# The flock of 14 and I are back!



## aluz (Jul 24, 2011)

Hello, everyone! I hope you have all been doing well. I apologize for my month long absence, there have been some issues that have kept me from being online, but now things are finally better and I'm able to be back on a more regular basis.

Since today was a sunny day, I decided to take some pics of the flock.

Here is Carioca and Mona, they were outside on the sun.


Lotas (Khaleesi's big brother) was also outside and close by with the budgie couple.


He always stands upside down when I come closer to him, he's got such a playful mood when he is outside. 

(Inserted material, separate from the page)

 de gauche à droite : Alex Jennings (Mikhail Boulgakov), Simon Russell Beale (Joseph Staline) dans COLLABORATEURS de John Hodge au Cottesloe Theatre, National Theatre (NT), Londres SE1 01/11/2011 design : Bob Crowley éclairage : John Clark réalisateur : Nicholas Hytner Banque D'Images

Here is Mona's first daughter, Dinda.


Tito Junior and Dinda


Tito Junior wasn't in the mood to play with his sister


Mid puff Leonel and Peppy


Another one of my boy Leonel


Goldilocks is getting the first tan on her cere




My Luigi who turned 1 year old on December 27th 2014 (I am yet to make a celebratory post on him)


Best buds


Of course I couldn't finish without a few pics of my precious boy Khaleesi.

What have you got there?


Tippy toes!


I'm going to run up your sleeve and get you!


It's good to be back.


----------



## FaeryBee (May 9, 2011)

*Hi, Ana!!

You were missed, my friend! :hug:

I'm glad to see you back and the pictures you've posted of your flock are gorgeous. Everybirdie looks very healthy and happy. *


----------



## aluz (Jul 24, 2011)

FaeryBee said:


> *Hi, Ana!!
> 
> You were missed, my friend! :hug:
> 
> I'm glad to see you back and the pictures you've posted of your flock are gorgeous. Everybirdie looks very healthy and happy. *


Thanks for the warm welcome, my friend! 
The flock has been in very good health indeed, and that includes the 4 lovebirds missing on this update: Penguin, Fénix, Sindel and Nico weren't in the mood to have their pictures taken today, so I let them be.

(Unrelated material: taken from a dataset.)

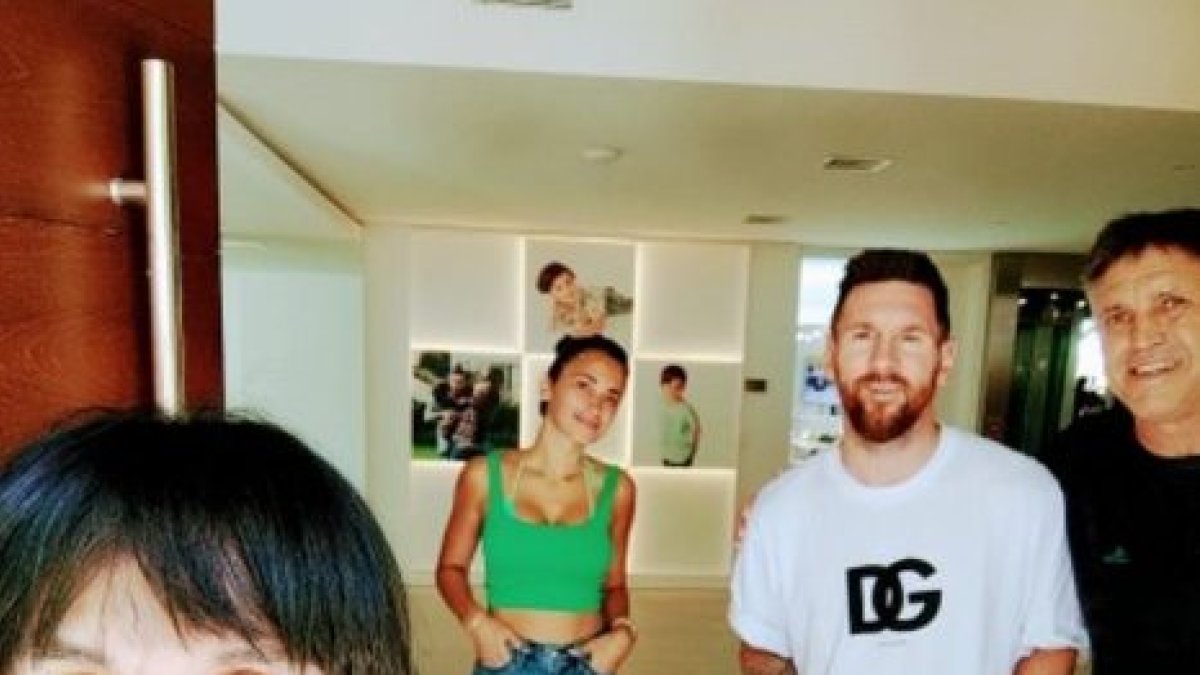 Joven no conoce a Messi por no acompañar a madre a realizar trámite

Soon I will post another update on them on the Other Birds section.
I also have many pics and a few new videos of Khaleesi playing.


----------



## jean20057 (May 31, 2013)

Welcome back Aluz!!! I know I missed you here, and seeing all your posts all over the place. Glad your doing well now! As always I love seeing pictures of your flock.


----------



## dsavino (Sep 10, 2012)

:wave1: Welcome back Aluz! You were very much missed! Your flock is stunning!


----------



## eduardo (Jul 24, 2011)

*Hi Ana!! Good to see you back :wave:*


----------



## Kate C (Oct 15, 2007)

Good to see you back Ana. The flock is looking great.


----------



## jellyblue (Aug 11, 2010)

So good to hear from you again and see photos of your beautiful family! Glad you're back!


----------



## aluz (Jul 24, 2011)

jean20057 said:


> Welcome back Aluz!!! I know I missed you here, and seeing all your posts all over the place. Glad your doing well now! As always I love seeing pictures of your flock.


Thanks, Kristen! I missed my TB family as well :tb:



dsavino said:


> :wave1: Welcome back Aluz! You were very much missed! Your flock is stunning!


Thanks Diane, it's really great to be back! 



eduardo said:


> *Hi Ana!! Good to see you back :wave:*


Hi Dee, I'm quite pleased to see you now have an English boy, he's gorgeous! 



Kate C said:


> Good to see you back Ana. The flock is looking great.


The flock and I thank you, Kate C! 



jellyblue said:


> So good to hear from you again and see photos of your beautiful family! Glad you're back!


Thank you, Susan! These were the first pics of 2015 that I was able to take so far.


----------



## kcladyz (Apr 8, 2014)

I love goldilocks and luigi


----------



## jrook (Jul 29, 2014)

Hi Aluz.. I really missed you here!! I'm glad to hear things are better and you feel comfortable to come back !! Your flock is lovely.

Welcome back


----------



## Vargur (May 4, 2013)

Hi Ana, welcome back!
Nice to see photos of your lovely flock again


----------



## aluz (Jul 24, 2011)

kcladyz said:


> I love goldilocks and luigi


Thanks, Heidi! 



jrook said:


> Hi Aluz.. I really missed you here!! I'm glad to hear things are better and you feel comfortable to come back !! Your flock is lovely.
> 
> Welcome back


Thanks, Judy! It's great to be among my TB friends again and sharing the love we have of birdies.


----------



## aluz (Jul 24, 2011)

Vargur said:


> Hi Ana, welcome back!
> Nice to see photos of your lovely flock again


Thanks, Elma! I will be posting more photos of the rest of the flock soon and possibly a few videos too.


----------



## Bethanyi (Feb 23, 2014)

*Welcome back  hope your well! Lovely to see you and your flock back on the forums .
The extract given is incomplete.